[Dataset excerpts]

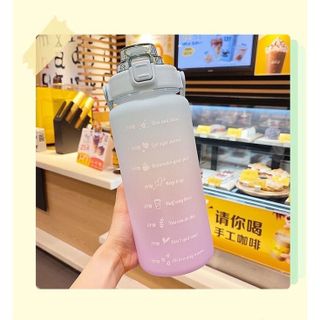Bình nước 2 lít dành cho người lười uống nước Fan House bình nước cute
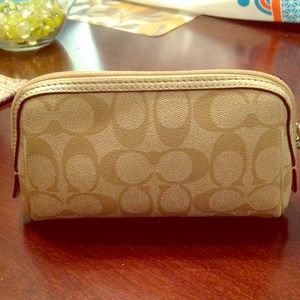Coach makeup bag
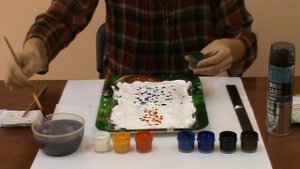 Рисование на пене. Предметное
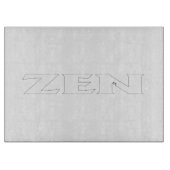 Zen-Glasschneidplatte Schneidebrett (Vorderseite)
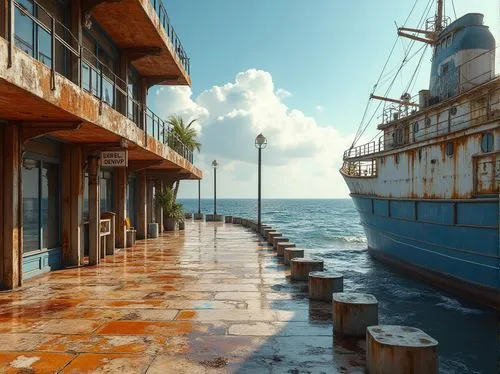 dockside,houseboats,sea fantasy,harborfront,harborwalk,boat harbor,shorefront,floating huts,3d rendering,boat dock,waterfronts,seaside view,houseboat,docks,dockyard,seaside resort,gangplank,harbors,berths,docked,Photography,General,Realistic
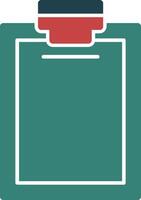 Clipboard Glyph Multi Color Icon vector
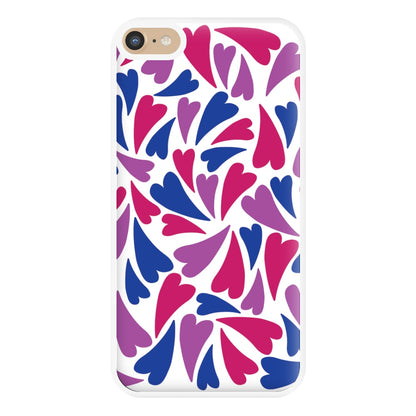 Bisexual Hearts - Pride Phone Case for iPhone 6 Plus / 7 Plus / 8 Plus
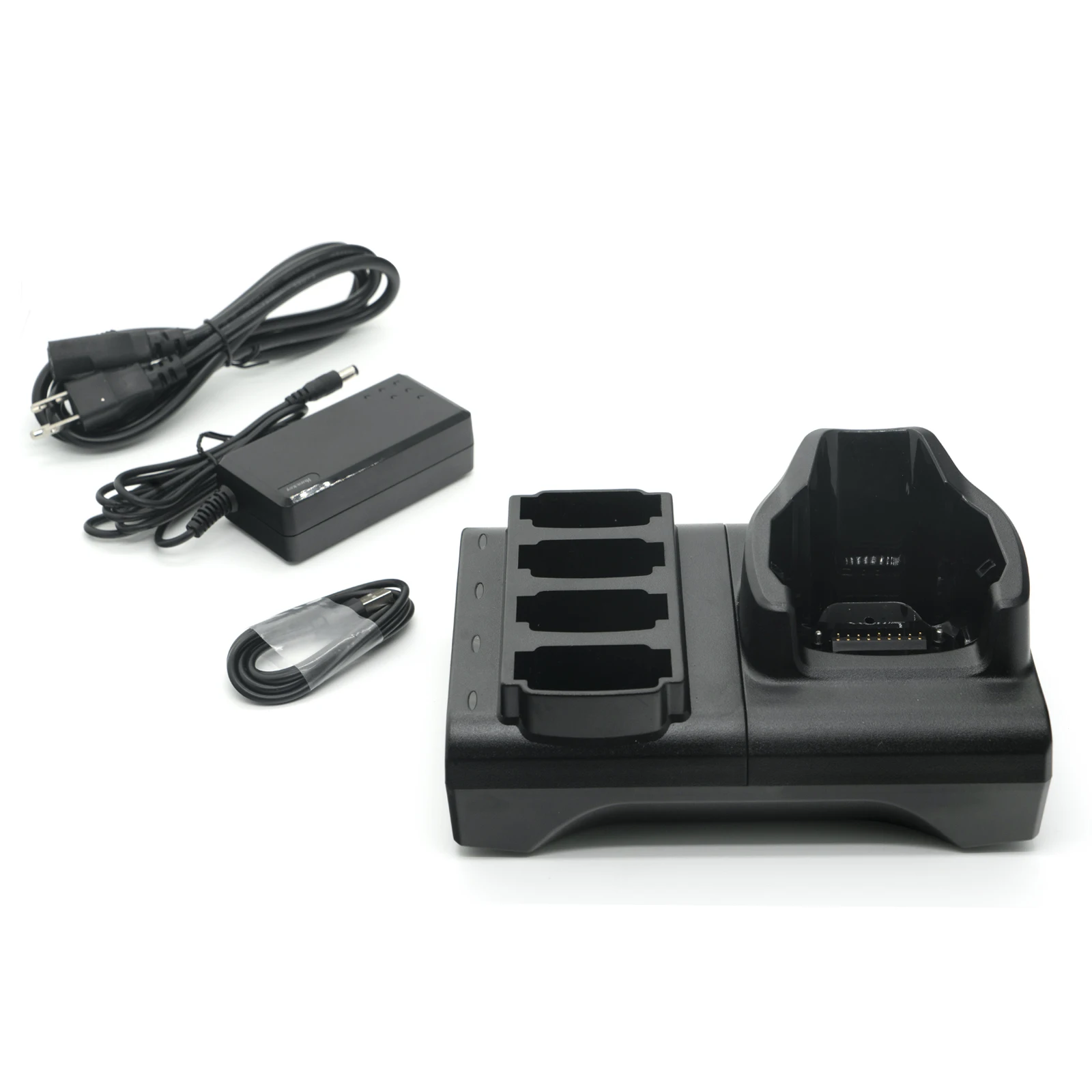 US Power Supply and MC9400 MC9450 Single Slot Cradle w/ 4 Bay Battery Charge. Comparable to CRD-MC93-2SUCHG-01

**ACTIVITY**
The images in the entries above should be left out; please reproduce exactly the lines from the first through the one containing "Bisexual Hearts - Pride".

**ANSWER BELOW**
Bình nước 2 lít dành cho người lười uống nước Fan House bình nước cute
Coach makeup bag
 Рисование на пене. Предметное
 Zen-Glasschneidplatte Schneidebrett (Vorderseite)
 dockside,houseboats,sea fantasy,harborfront,harborwalk,boat harbor,shorefront,floating huts,3d rendering,boat dock,waterfronts,seaside view,houseboat,docks,dockyard,seaside resort,gangplank,harbors,berths,docked,Photography,General,Realistic
 Clipboard Glyph Multi Color Icon vector
 Bisexual Hearts - Pride Phone Case for iPhone 6 Plus / 7 Plus / 8 Plus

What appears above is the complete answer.